**ACTIVITY:**
Take the records below and set down exactly the lines from the one with "تیم فنی حرفه" to the one with "Shamrock Hills - Residential", ends included; do not copy the pictures.

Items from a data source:

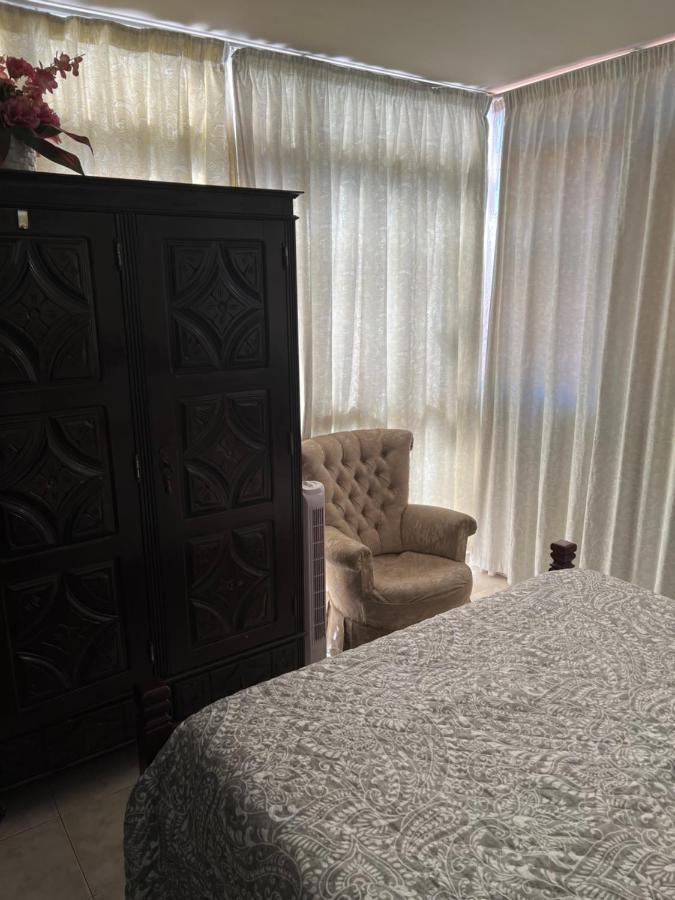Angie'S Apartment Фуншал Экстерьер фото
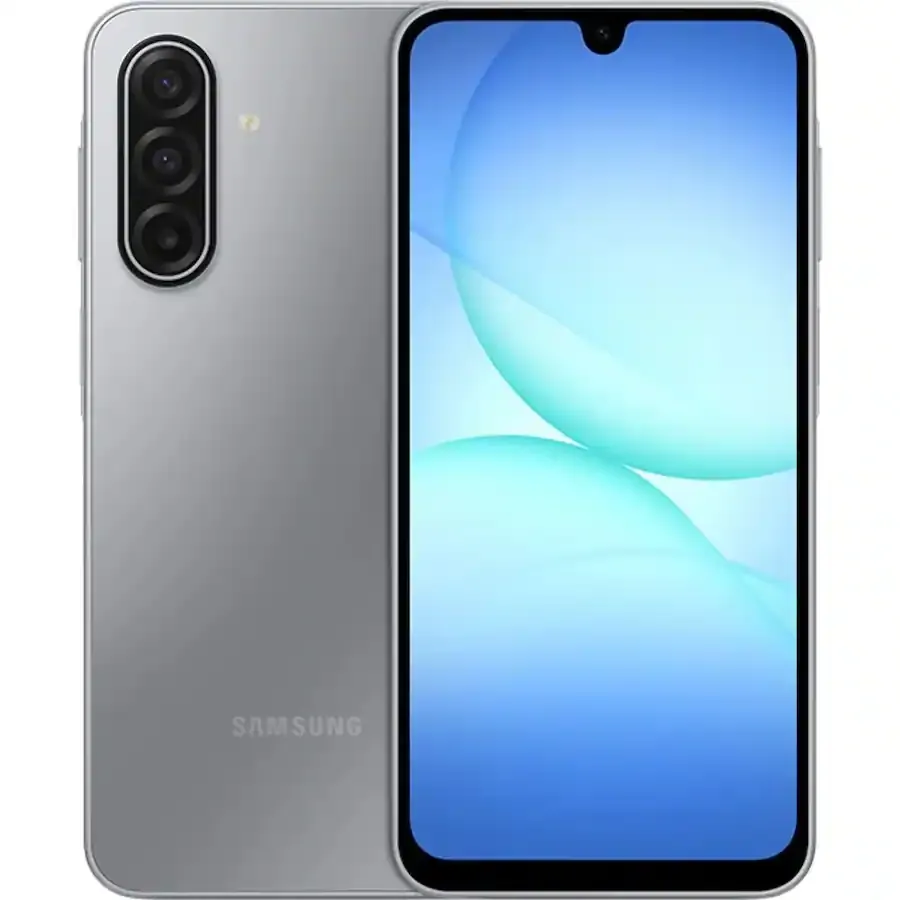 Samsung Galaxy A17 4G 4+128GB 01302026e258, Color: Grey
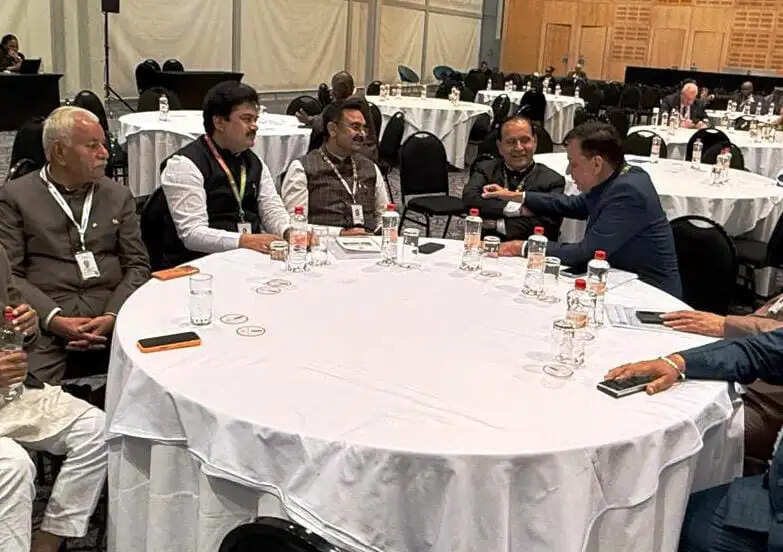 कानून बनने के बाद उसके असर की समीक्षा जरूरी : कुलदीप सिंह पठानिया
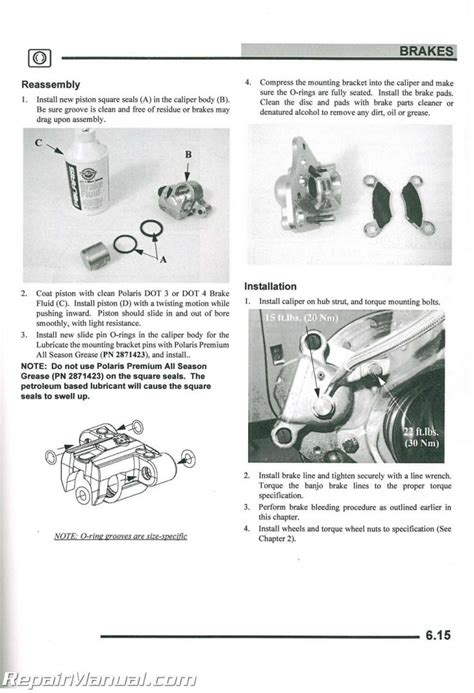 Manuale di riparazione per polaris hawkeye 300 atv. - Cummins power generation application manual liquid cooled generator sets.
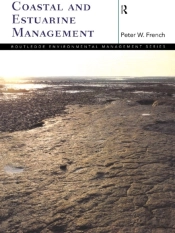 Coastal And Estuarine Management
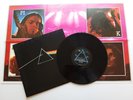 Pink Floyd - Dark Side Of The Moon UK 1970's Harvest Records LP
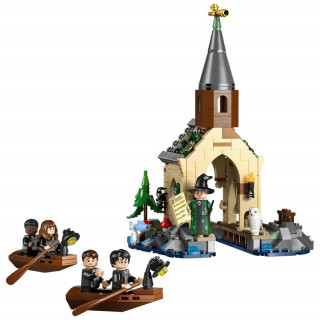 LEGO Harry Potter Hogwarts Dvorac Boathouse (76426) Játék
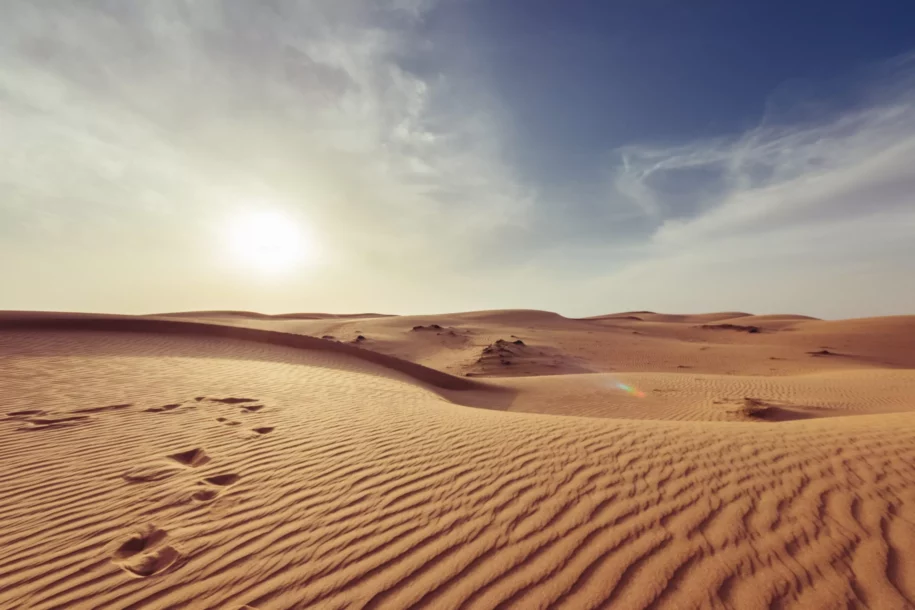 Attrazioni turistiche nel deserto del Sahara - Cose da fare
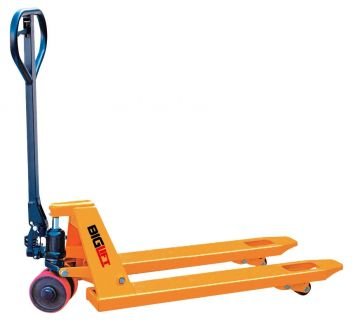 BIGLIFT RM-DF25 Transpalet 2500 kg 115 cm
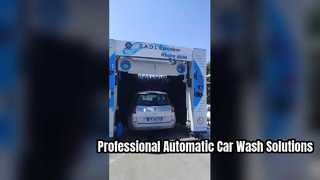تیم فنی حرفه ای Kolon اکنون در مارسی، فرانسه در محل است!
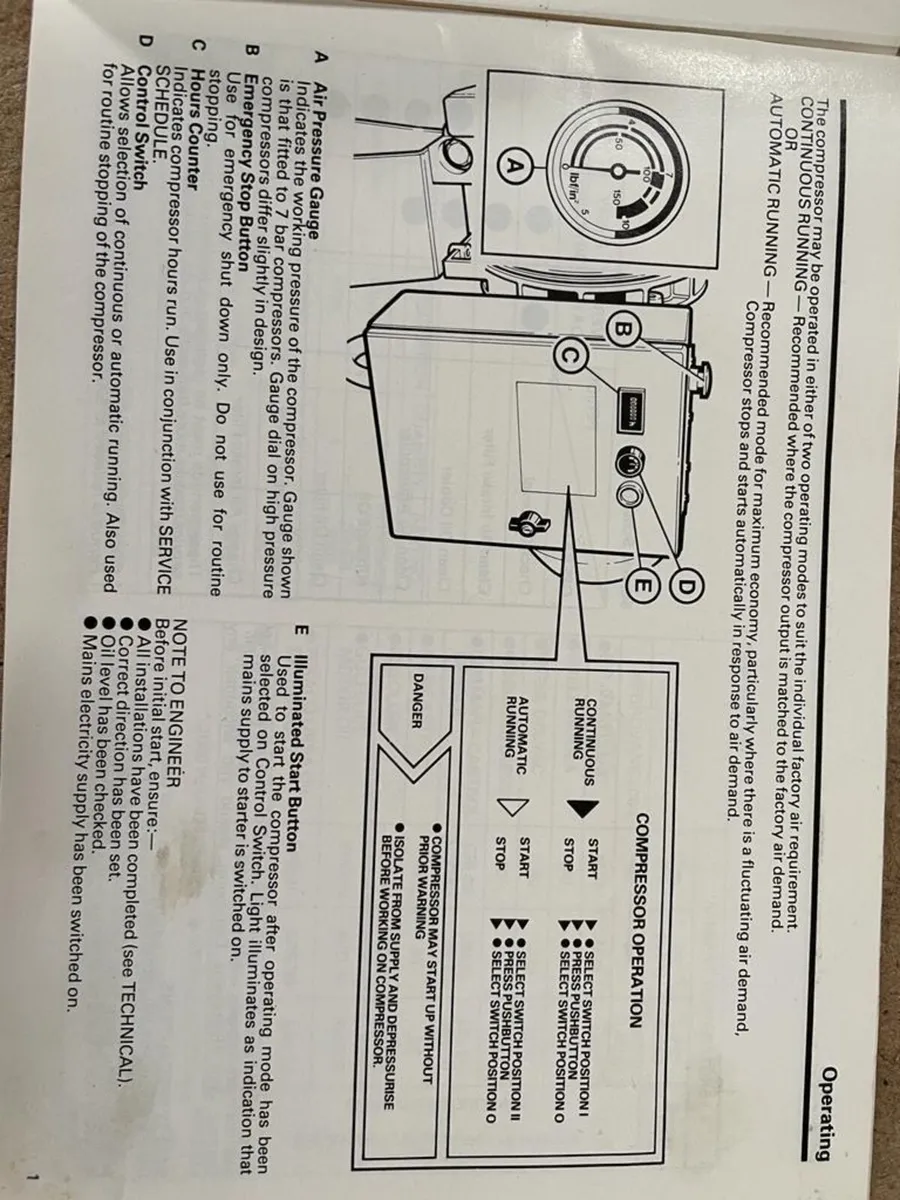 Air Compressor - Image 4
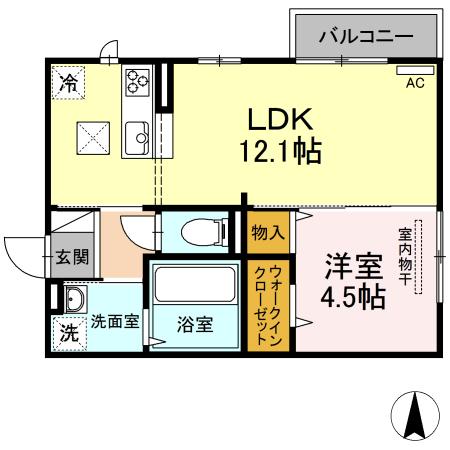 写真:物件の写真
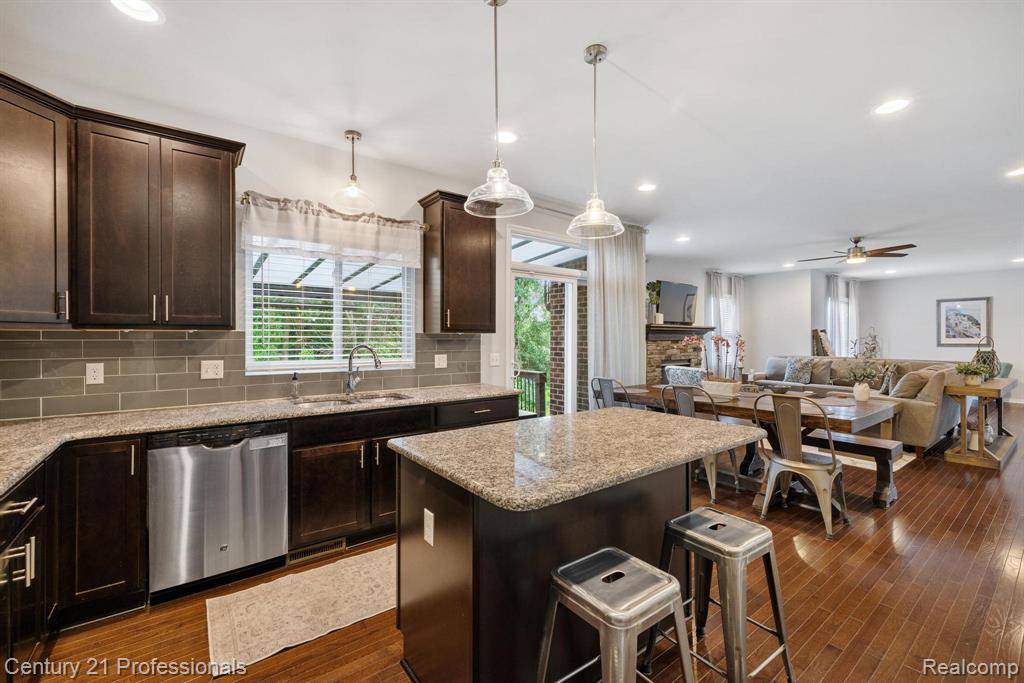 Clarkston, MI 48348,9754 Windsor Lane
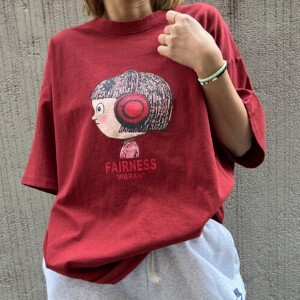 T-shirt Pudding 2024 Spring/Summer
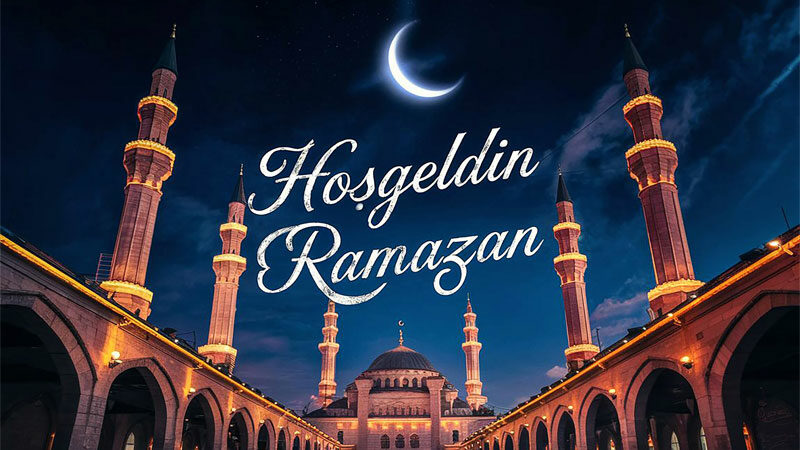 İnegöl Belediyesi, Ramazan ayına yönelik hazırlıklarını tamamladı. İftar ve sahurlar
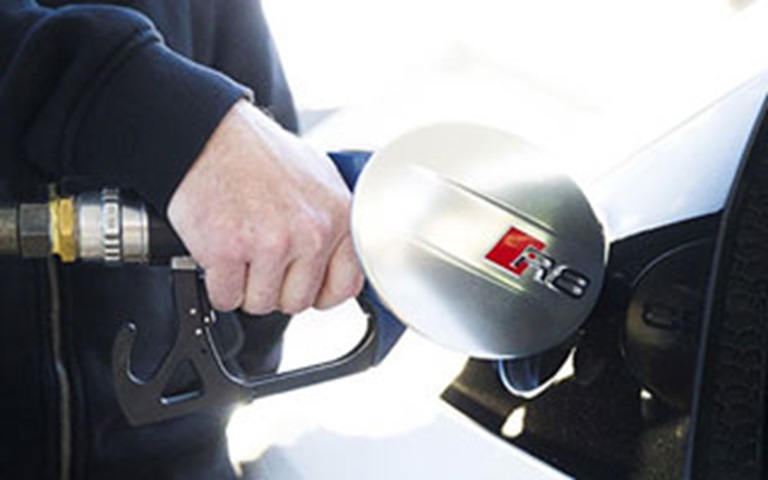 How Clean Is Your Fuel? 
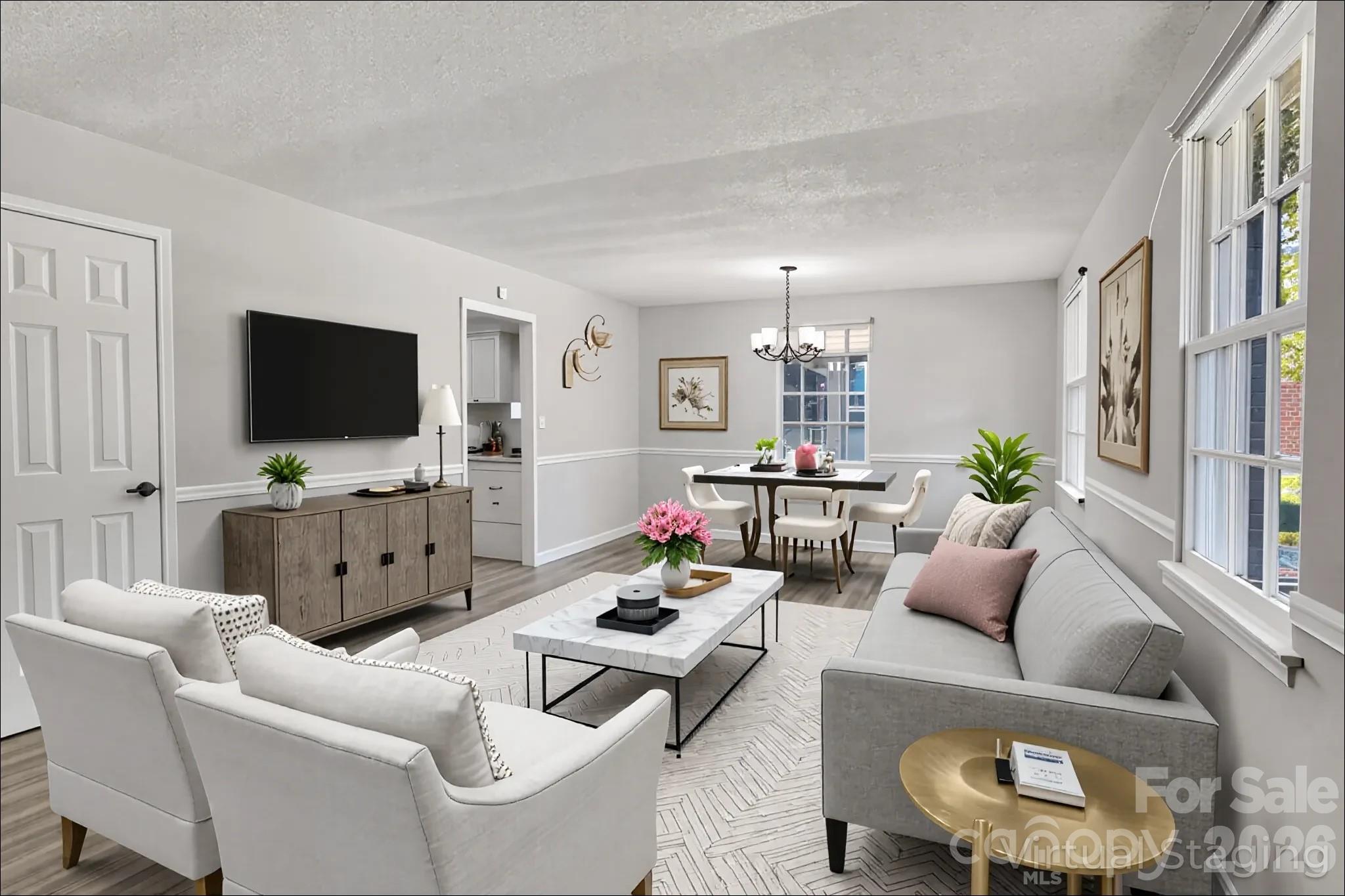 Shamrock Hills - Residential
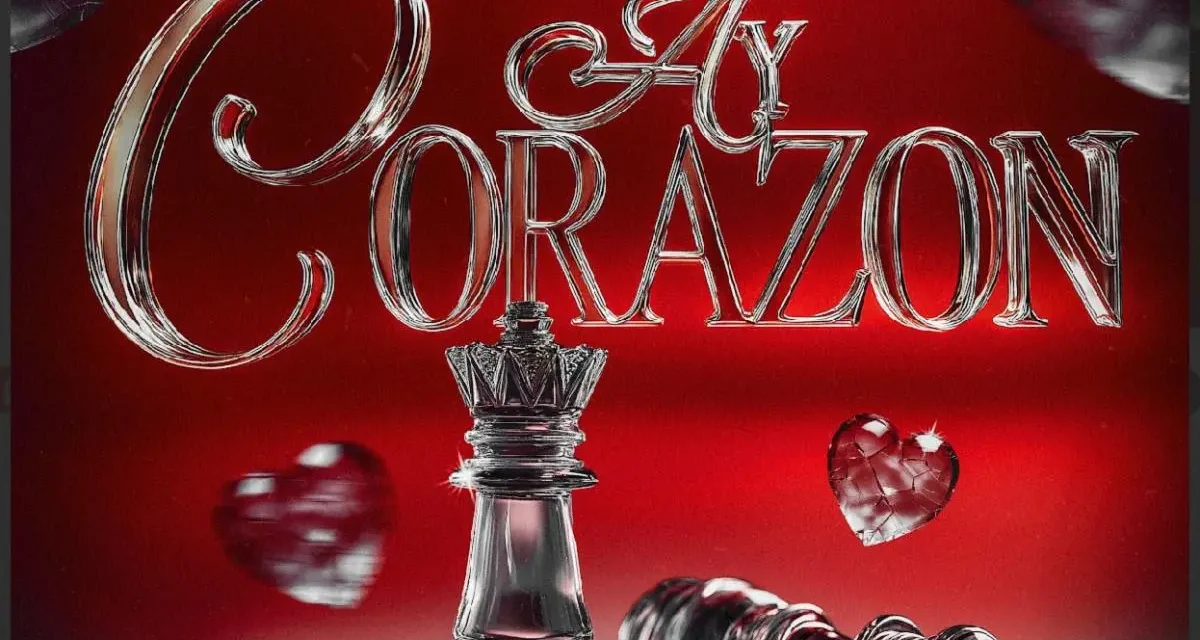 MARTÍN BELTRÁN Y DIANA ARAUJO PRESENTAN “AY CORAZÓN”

**RESPONSE TO THE EXERCISE:**
تیم فنی حرفه ای Kolon اکنون در مارسی، فرانسه در محل است!
 Air Compressor - Image 4
 写真:物件の写真
 Clarkston, MI 48348,9754 Windsor Lane
 T-shirt Pudding 2024 Spring/Summer
 İnegöl Belediyesi, Ramazan ayına yönelik hazırlıklarını tamamladı. İftar ve sahurlar
 How Clean Is Your Fuel? 
 Shamrock Hills - Residential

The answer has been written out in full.